Short descriptive text snippets
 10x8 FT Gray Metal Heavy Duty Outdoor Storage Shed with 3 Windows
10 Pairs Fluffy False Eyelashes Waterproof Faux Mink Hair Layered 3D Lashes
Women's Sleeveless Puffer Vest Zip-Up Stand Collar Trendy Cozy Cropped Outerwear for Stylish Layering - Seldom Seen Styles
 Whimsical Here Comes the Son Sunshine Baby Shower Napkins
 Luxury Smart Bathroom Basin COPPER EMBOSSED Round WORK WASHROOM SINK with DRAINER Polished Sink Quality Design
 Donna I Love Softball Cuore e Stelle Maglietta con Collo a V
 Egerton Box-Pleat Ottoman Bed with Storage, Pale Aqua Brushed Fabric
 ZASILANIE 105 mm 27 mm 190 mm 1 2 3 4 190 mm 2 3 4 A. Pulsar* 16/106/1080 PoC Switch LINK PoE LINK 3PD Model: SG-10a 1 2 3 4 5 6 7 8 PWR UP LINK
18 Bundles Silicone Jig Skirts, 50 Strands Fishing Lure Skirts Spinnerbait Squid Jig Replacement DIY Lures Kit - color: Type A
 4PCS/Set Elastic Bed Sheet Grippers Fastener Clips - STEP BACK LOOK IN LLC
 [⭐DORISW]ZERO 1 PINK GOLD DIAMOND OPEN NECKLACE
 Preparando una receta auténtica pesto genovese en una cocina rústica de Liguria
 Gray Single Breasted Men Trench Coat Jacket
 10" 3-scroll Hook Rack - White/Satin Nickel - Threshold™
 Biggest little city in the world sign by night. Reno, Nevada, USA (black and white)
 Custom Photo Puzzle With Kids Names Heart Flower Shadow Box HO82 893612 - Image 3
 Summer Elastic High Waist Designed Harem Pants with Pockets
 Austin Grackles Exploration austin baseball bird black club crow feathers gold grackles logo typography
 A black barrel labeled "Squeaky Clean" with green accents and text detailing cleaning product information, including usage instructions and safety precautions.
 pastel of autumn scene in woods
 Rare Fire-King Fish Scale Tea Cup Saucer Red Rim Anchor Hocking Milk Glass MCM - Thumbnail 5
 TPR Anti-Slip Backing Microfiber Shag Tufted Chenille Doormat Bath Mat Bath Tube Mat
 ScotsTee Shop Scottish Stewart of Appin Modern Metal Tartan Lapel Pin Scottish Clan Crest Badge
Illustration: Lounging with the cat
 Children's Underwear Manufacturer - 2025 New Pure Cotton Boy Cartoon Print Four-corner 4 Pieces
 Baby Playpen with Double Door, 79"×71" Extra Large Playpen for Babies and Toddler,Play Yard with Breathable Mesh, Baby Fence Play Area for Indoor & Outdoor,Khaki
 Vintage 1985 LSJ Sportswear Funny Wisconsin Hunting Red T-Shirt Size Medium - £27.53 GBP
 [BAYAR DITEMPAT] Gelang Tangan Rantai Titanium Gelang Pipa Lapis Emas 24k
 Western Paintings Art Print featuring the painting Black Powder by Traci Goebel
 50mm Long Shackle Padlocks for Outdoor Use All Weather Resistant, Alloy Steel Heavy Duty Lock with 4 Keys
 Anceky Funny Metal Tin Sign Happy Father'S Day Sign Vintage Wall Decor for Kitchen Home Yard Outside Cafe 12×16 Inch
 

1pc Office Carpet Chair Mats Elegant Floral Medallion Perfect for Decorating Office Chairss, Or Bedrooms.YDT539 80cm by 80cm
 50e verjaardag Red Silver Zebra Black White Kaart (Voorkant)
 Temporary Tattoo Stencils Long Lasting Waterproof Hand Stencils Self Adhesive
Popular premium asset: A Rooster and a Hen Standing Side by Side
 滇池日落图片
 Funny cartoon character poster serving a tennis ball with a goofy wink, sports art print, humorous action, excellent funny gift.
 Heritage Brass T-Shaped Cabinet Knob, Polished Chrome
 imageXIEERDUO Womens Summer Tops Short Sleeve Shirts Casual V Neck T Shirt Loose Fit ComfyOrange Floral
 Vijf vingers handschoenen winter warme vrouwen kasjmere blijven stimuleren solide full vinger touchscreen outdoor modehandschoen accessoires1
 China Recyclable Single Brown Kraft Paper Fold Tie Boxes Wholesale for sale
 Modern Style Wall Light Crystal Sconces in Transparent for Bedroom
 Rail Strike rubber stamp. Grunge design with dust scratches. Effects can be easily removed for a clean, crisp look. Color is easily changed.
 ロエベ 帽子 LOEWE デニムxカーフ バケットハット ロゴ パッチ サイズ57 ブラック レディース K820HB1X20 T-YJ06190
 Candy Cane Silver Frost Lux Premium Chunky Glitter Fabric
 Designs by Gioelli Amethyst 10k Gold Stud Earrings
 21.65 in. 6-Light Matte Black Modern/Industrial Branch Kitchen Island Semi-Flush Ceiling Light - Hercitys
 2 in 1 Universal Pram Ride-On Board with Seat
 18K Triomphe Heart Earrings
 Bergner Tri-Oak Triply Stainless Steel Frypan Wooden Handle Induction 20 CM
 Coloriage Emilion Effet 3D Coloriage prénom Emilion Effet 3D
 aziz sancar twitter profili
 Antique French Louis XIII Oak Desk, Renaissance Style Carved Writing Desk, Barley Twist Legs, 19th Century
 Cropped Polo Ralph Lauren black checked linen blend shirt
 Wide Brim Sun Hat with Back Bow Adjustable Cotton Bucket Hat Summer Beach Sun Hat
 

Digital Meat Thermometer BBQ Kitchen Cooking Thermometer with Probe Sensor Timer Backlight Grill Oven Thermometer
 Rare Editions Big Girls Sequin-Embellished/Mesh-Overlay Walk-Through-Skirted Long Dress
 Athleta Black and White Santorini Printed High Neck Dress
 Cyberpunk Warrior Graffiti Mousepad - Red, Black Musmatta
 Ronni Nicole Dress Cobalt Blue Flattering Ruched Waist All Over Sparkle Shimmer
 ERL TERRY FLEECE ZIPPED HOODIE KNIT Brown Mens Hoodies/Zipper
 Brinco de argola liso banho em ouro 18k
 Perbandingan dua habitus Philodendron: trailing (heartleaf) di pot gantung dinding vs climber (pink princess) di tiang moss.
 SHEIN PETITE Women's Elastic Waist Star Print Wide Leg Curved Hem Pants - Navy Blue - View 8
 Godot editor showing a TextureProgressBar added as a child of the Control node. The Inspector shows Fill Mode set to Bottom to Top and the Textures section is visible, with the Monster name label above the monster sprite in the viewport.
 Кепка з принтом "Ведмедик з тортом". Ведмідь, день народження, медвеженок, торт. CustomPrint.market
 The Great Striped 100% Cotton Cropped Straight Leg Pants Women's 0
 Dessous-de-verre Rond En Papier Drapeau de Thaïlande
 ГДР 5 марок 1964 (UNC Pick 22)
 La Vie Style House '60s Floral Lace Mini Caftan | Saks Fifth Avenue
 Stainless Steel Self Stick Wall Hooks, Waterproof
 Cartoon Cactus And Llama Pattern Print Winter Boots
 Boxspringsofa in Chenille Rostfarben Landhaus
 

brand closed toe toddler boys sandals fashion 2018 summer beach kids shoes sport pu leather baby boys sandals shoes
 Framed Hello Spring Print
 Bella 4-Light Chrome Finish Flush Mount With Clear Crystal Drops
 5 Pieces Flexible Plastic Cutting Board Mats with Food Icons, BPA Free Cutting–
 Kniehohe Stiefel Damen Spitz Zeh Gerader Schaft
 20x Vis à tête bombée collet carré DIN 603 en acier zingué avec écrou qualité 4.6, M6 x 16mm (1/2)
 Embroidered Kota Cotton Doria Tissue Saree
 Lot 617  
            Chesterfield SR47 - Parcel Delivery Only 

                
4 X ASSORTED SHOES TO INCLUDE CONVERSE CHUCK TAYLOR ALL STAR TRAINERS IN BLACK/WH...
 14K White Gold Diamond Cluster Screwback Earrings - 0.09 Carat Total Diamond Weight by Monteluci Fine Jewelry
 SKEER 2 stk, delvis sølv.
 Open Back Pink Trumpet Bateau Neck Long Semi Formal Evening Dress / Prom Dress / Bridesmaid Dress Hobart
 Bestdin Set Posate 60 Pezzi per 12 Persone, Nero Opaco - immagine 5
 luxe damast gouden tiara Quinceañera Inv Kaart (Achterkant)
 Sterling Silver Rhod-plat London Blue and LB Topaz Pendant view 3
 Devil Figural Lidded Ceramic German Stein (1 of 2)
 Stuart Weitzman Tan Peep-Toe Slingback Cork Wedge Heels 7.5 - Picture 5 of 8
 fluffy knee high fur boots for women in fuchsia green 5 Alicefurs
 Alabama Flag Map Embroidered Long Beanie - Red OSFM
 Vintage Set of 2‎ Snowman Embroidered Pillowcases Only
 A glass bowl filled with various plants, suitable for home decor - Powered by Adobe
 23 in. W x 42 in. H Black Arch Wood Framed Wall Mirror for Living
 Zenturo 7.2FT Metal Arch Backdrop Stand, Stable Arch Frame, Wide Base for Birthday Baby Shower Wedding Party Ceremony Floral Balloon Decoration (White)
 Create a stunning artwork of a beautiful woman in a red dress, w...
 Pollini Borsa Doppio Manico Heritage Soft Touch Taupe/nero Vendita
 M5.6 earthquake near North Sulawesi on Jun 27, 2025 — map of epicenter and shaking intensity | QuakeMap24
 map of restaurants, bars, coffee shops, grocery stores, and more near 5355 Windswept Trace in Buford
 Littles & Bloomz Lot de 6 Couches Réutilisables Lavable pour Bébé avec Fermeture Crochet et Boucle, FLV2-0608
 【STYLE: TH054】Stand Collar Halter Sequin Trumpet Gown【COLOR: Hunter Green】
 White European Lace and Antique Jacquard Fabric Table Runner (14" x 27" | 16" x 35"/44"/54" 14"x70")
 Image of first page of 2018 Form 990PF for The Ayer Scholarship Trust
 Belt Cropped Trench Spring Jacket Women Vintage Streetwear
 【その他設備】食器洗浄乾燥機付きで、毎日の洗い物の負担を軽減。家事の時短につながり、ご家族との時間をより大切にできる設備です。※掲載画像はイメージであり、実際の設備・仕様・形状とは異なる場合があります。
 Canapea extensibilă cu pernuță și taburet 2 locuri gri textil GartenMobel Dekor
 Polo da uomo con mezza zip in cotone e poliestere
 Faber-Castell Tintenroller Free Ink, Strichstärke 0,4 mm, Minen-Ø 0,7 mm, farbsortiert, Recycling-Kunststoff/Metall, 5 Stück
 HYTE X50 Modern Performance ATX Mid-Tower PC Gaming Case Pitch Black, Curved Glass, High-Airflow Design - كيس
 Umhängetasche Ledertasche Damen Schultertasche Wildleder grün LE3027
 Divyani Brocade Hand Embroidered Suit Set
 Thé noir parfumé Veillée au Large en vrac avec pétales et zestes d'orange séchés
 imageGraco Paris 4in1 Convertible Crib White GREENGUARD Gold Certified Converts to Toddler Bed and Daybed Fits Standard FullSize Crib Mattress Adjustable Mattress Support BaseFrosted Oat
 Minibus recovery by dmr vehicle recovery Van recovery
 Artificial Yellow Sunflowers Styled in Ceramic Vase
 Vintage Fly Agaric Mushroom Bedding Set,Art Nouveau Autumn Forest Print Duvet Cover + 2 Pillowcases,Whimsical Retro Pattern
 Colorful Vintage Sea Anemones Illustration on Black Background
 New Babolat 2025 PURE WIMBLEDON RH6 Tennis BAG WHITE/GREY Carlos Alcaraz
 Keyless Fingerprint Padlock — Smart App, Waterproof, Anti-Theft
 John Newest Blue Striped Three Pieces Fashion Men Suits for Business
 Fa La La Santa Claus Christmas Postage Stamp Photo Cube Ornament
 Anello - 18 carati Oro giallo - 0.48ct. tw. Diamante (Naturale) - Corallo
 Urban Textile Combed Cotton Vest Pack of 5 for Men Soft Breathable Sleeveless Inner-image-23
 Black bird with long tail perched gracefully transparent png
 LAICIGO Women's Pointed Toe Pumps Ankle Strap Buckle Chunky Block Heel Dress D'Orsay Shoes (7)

> _Problem details_
All that belongs in your answer is the stretch of entries above from the line with "La Vie Style" through the line with "Chesterfield SR47 - Parcel", printed exactly.

> _Solution to the exercise_
 La Vie Style House '60s Floral Lace Mini Caftan | Saks Fifth Avenue
 Stainless Steel Self Stick Wall Hooks, Waterproof
 Cartoon Cactus And Llama Pattern Print Winter Boots
 Boxspringsofa in Chenille Rostfarben Landhaus
 

brand closed toe toddler boys sandals fashion 2018 summer beach kids shoes sport pu leather baby boys sandals shoes
 Framed Hello Spring Print
 Bella 4-Light Chrome Finish Flush Mount With Clear Crystal Drops
 5 Pieces Flexible Plastic Cutting Board Mats with Food Icons, BPA Free Cutting–
 Kniehohe Stiefel Damen Spitz Zeh Gerader Schaft
 20x Vis à tête bombée collet carré DIN 603 en acier zingué avec écrou qualité 4.6, M6 x 16mm (1/2)
 Embroidered Kota Cotton Doria Tissue Saree
 Lot 617  
            Chesterfield SR47 - Parcel Delivery Only 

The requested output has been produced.